***** TASK INPUT *****

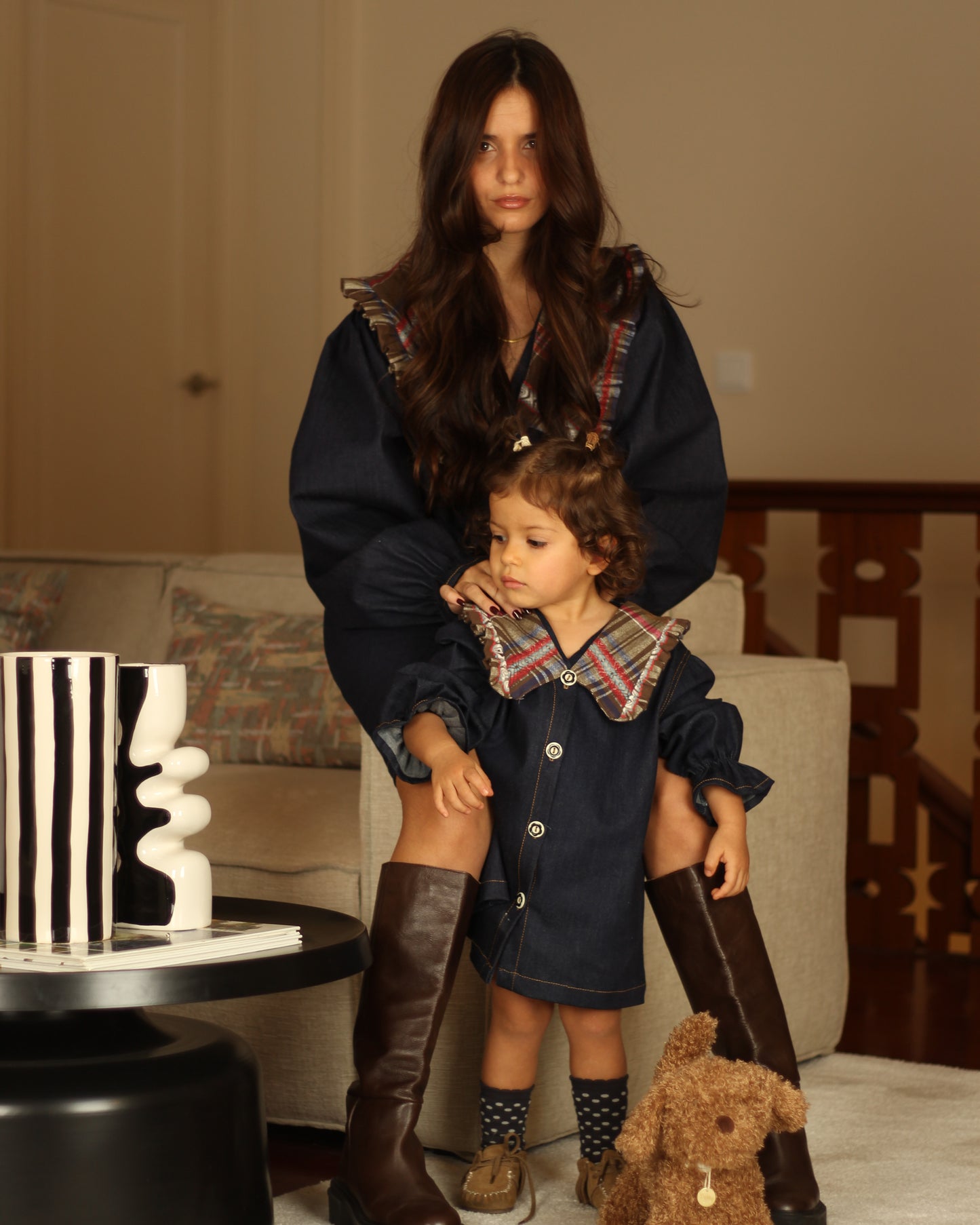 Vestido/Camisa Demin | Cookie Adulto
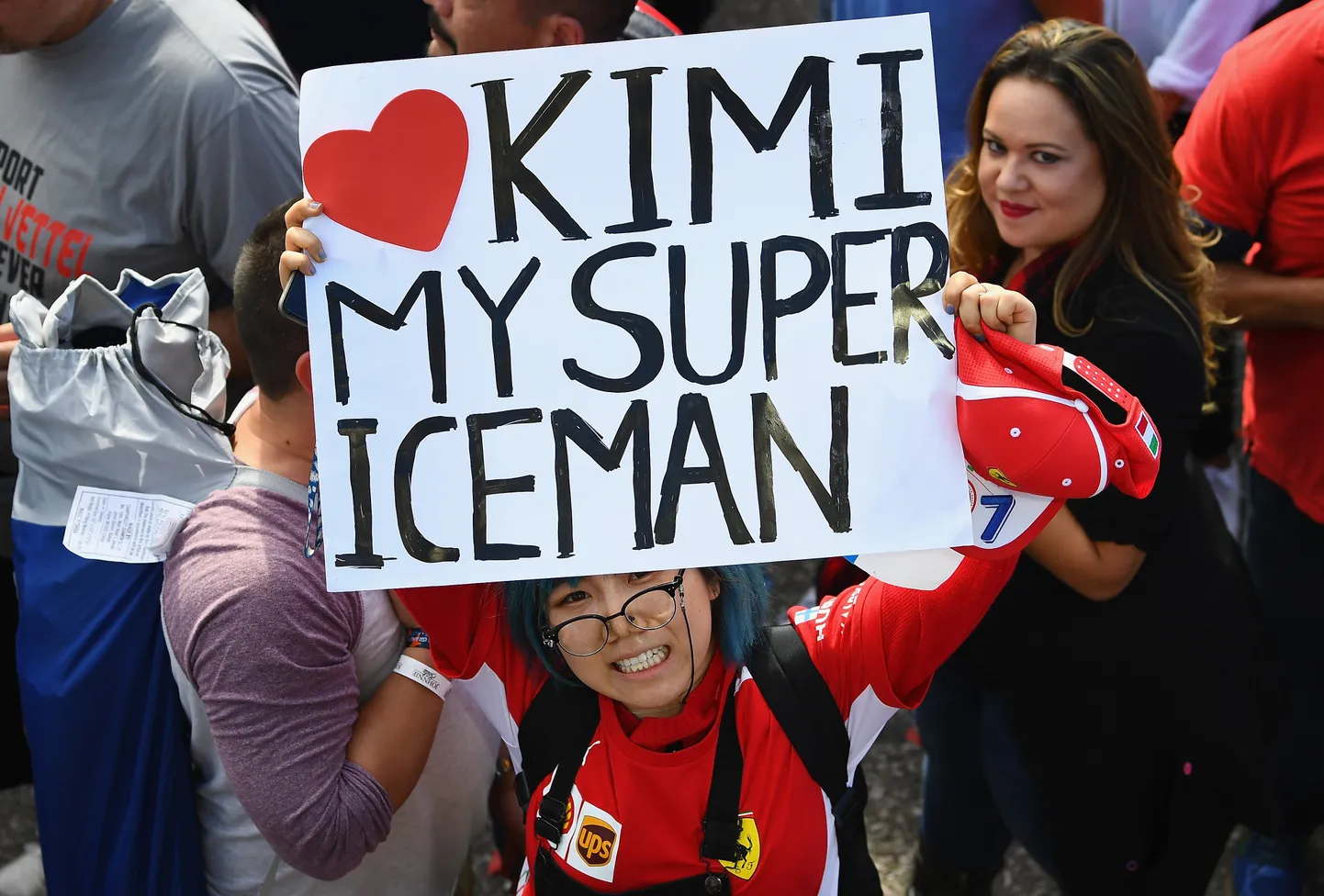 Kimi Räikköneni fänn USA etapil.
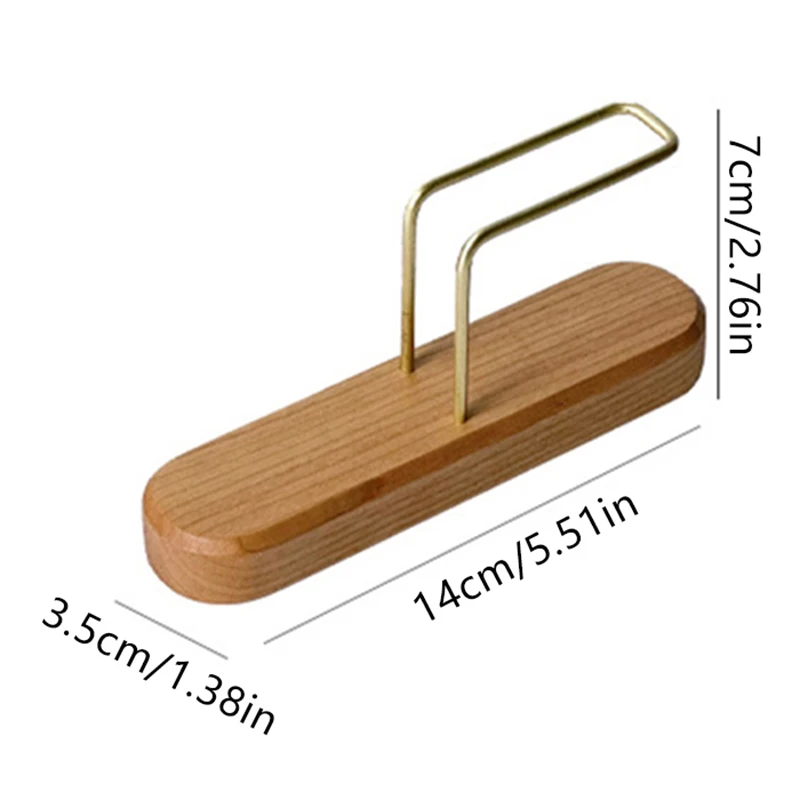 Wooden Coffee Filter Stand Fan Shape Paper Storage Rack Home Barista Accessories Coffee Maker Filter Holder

*****
***** TASK INPUT *****

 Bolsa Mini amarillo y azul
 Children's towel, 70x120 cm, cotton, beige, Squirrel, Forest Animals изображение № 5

*****

TASK INSTRUCTIONS :: All that is wanted is the lines above between the one containing "Kimi Räikköneni fänn USA etapil." and the one containing "Wooden Coffee Filter", inclusive, restated word for word, with pictures omitted.

ANSWER TO THE PROBLEM ::
 Kimi Räikköneni fänn USA etapil.
 Wooden Coffee Filter Stand Fan Shape Paper Storage Rack Home Barista Accessories Coffee Maker Filter Holder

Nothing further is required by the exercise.